C3Q pipeline

Cufflinks and CodingQuarry based gene prediction pipeline for intron rich fungal genomes

By Patrícia A. G. Ferrareze and Rodrigo S. A. Streit

What does C3Q pipeline do?

The C3Q pipeline is a Cufflinks and CodingQuarry based gene prediction pipeline optimized for intron rich fungal genomes, as Cryptococcus species. The C3Q pipeline was developed and tested with C. neoformans H99 and C. deneoformans JEC21 genomes, using RNA-Seq as the primary source of information for the gene prediction. The C3Q pipeline was used to gene prediction in C. deuterogattii R265. The selection of parameters and results are described in the paper:

Application of an optimized annotation pipeline to the Cryptococcus deuterogattii genome reveals dynamic primary metabolic gene clusters and genomic impact of RNAi loss
Patricia A. G. Ferrareze, Corinne Maufrais, Rodrigo Silva Araujo Streit, Shelby J. Priest, Christina A. Cuomo, Joseph Heitman, Charley C. Staats, Guilhem Janbon
G3 Genes|Genomes|Genetics, Volume 11, Issue 2, February 2021, jkaa070 https://doi.org/10.1093/g3journal/jkaa070

How does C3Q pipeline works?

The C3Q pipeline performs the gene prediction using RNA-Seq alignment (.bam) and genome (.fna/.fa) files. The addition of a protein file of sequences from close species (.faa/.fa) is optional but recomended.
The pipeline works as described below:

The Cufflinks transcripts assembly (input: bam files from reads mapping - subsampled¹)
The Cuffmerge combination of the assembled transcripts (input: the Cufflinks generated GTFs)
The The CodingQuarry gene training and prediction with the merged assembled transcripts file (GFF) and the genome file (input: the Cuffmerge combined GFF file and the genome)
The filtering of small dubious sequences (spliced sequences up to 150 nt, intronless sequences up to 300 nt) (input: the CodingQuarry gene prediction file)
The HTSeq-count of reads for the predicted sequences and the filtering of genome-predicted sequences without reads (The filtered CodingQuarry gene prediction file and the mapped BAM files)
The filtering of alternative sequences from multitranscripts loci (selection of the best gene model) (input: the full filtered CodingQuarry gene prediction file)
The recover of deleted and non-predicted loci with Exonerate mapping of orthologous genes (input: the multifiltered CodingQuarry gene prediction file and the fasta file of protein sequences from related species)

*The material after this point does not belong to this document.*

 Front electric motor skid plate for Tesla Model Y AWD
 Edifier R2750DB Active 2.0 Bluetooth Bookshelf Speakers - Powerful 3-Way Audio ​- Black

¹In the paper we show that subsampled BAM alignments generate better results than the large whole files in the Cufflinks transcripts assembly. For our organism models, the optimal subsampled library size was of 7.5 million reads for each RNA-Seq replicate, but the optimal size may differ for other organisms. If you want to subsample your bam files before using the pipeline, see https://broadinstitute.github.io/picard/ for DownsampleSam tool installation and usage. Keep in mind that DownsampleSam subsamples libraries based on a probability, so the probability value required to generate a 7.5 million reads subsampling will depend on your original library size.

What does C3Q requires?

The C3Q pipeline was tested in Linux systems x64. Therefore, we do not guarantee it will work in other operational systems.

The C3Q pipeline is built on Python and depends on Cufflinks suite (cufflinks, cuffmerge and gffread), gffcompare, HTseq-count and Exonerate.
The tested versions of the dependencies and their repositories are listed bellow:

In the exception of Exonerate², all the dependencies are available in Bioconda channel for Conda-based installation.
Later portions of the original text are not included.